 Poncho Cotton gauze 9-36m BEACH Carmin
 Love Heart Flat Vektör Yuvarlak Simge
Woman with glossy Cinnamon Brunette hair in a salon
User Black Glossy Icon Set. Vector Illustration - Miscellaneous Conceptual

* * *

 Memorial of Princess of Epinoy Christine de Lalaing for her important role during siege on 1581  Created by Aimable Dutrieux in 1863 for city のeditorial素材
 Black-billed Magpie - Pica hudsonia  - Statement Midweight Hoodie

Task directions :: Work out how many lines in the records above include the string "Black", and provide that figure with no other text.

Solution :: 2